Divide the large job into a series of more managable tasks which have dependencies between them. Arrange to set up each task as an item that can be restarted at any point within the task without having damanged the ability of the task to go forward. (Basically this means writing each task such that it doesn't wipe out its initial data, and can clean up or overwrite the previous partial run.) Then set up a control table with the open tasks. In that control table you mark tasks that need to run, mark them as being run, run them, then mark them as done.

Now your script can be re-run as many times as you want, and will skip work that was already done. In fact you can even have your script do as much work as feasible on each run, skipping any trouble spots, so that after a human sees it the bulk of the work got done despite any issues. Plus as a bonus if you do this carefully you may get out of it the ability to run your script simultaneously on several machines.

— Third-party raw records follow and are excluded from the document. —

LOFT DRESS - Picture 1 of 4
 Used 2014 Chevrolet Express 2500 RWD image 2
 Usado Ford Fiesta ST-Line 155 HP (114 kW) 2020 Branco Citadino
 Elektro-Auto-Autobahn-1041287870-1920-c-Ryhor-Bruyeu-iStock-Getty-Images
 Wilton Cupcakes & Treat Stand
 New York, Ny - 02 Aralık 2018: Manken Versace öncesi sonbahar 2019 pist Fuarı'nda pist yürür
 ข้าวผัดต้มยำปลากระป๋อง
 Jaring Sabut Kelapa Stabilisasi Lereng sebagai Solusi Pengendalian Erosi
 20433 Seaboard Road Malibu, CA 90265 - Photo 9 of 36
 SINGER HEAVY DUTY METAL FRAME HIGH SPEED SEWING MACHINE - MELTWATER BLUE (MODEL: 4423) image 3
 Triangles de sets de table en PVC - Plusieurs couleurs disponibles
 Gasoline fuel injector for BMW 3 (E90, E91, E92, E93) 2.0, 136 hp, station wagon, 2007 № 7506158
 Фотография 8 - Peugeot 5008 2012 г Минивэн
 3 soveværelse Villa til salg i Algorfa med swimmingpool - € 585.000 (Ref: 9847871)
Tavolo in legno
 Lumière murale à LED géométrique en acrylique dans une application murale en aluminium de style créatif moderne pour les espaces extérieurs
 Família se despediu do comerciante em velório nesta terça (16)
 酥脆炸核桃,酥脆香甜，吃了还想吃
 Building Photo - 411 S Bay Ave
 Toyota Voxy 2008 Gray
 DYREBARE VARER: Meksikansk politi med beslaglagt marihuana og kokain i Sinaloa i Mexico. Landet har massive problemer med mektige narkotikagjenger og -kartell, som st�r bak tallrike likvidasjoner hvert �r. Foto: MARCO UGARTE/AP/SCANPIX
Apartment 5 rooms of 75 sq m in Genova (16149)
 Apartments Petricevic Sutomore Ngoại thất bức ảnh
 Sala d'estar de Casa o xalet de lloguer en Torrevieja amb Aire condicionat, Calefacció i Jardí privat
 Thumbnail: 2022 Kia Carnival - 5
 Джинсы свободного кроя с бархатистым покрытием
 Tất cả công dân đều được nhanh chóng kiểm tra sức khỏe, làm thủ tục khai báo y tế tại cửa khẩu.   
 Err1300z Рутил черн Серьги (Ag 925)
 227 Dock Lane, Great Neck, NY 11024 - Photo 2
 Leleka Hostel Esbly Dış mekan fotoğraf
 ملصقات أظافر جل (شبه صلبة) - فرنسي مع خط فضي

I attest from personal experience that while writing everything in this fashion can be a lot of work, some small steps towards the control table and distinct transactions idea does a lot towards simplifying your overall program and making it capable of handling all sorts of complex failure modes robustly. (Something doesn't look right? Abort, send notification, then continue with other stuff it can do!)

I can also attest from personal experience that the various goto solutions offered remind me of some really bad systems that I have worked with. Sure, if you do everything just right, it might work. But it is inherently a fragile approach and leads to fragile code. Not what I want in a production system! (And no, I have not merely heard vague rumor that goto is a bad idea. Give me credit for having done more homework on the topic than that.)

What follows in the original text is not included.